Selon un communiqué de la présidence égyptienne publié mardi, Abdel Fattah al-Sisi s’entretiendra avec Donald Trump en marge du Forum économique mondial de Davos, rendez-vous annuel des élites politiques et économiques internationales. Cette rencontre marque un moment diplomatique important, alors que les États-Unis viennent d’annoncer le lancement de la deuxième phase de leur plan visant à mettre fin au conflit à Gaza.
Il s’agira du premier échange direct entre les deux dirigeants depuis cette annonce américaine, qui ambitionne de consolider le cessez-le-feu, d’élargir l’accès humanitaire et de poser les bases d’un règlement politique durable entre Israéliens et Palestiniens. L’Égypte, acteur central de la médiation régionale, joue depuis le début de la crise un rôle clé dans les négociations indirectes, l’acheminement de l’aide et la gestion du passage de Rafah.
Sissi et Trump se sont déjà rencontrés en octobre dernier à Charm el-Cheikh, lors d’un sommet convoqué par l’Égypte pour entériner un accord de cessez-le-feu. Cette rencontre avait permis de relancer une coordination étroite entre Le Caire et Washington sur les dossiers sécuritaires et humanitaires, dans une région marquée par une instabilité persistante.

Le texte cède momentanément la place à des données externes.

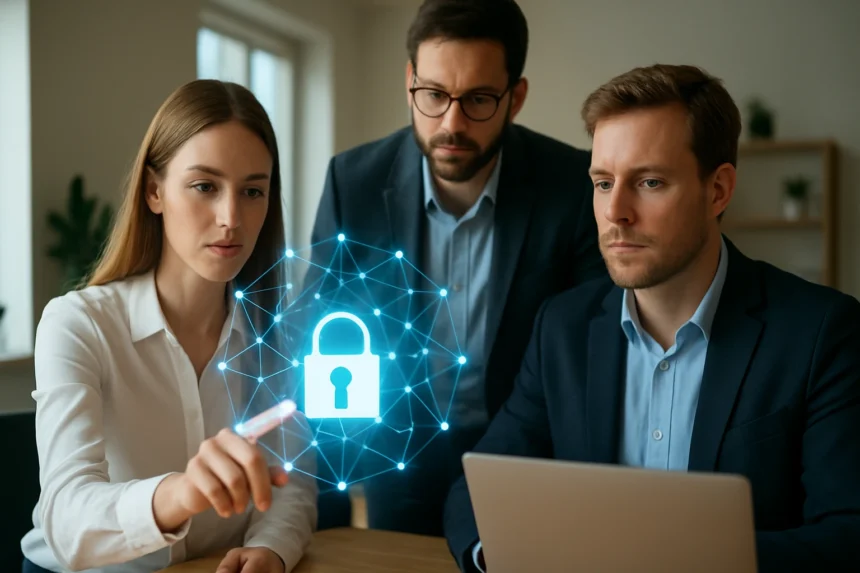 Web 3.0 pénzügyi biztonságot szimbolizáló adatvédelmi megoldás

Au-delà de Gaza, l’entretien de Davos devrait également porter sur d’autres dossiers stratégiques. Vendredi, Donald Trump a déclaré être prêt à relancer la médiation américaine entre l’Égypte et l’Éthiopie autour du Grand barrage de la Renaissance, projet hydraulique majeur sur le Nil Bleu. Le Caire et Khartoum considèrent cet ouvrage comme une menace directe pour leurs ressources en eau, vitales pour leur sécurité alimentaire et leur stabilité économique.
Pour l’Égypte, la question du barrage demeure l’un des principaux enjeux de politique étrangère. Malgré des années de négociations tripartites, aucun accord juridiquement contraignant n’a encore été trouvé sur les modalités de remplissage et d’exploitation de l’infrastructure. Une implication accrue des États-Unis pourrait redonner un nouvel élan à un processus diplomatique enlisée.
La rencontre prévue à Davos entre Sissi et Trump s’annonce ainsi comme un moment charnière, à la croisée des crises moyen-orientales et des rivalités hydropolitiques africaines. Entre gestion de l’après-Gaza et recherche d’équilibres durables autour du Nil, les deux dirigeants devront concilier impératifs sécuritaires, diplomatie régionale et intérêts stratégiques, dans un contexte international toujours plus fragmenté.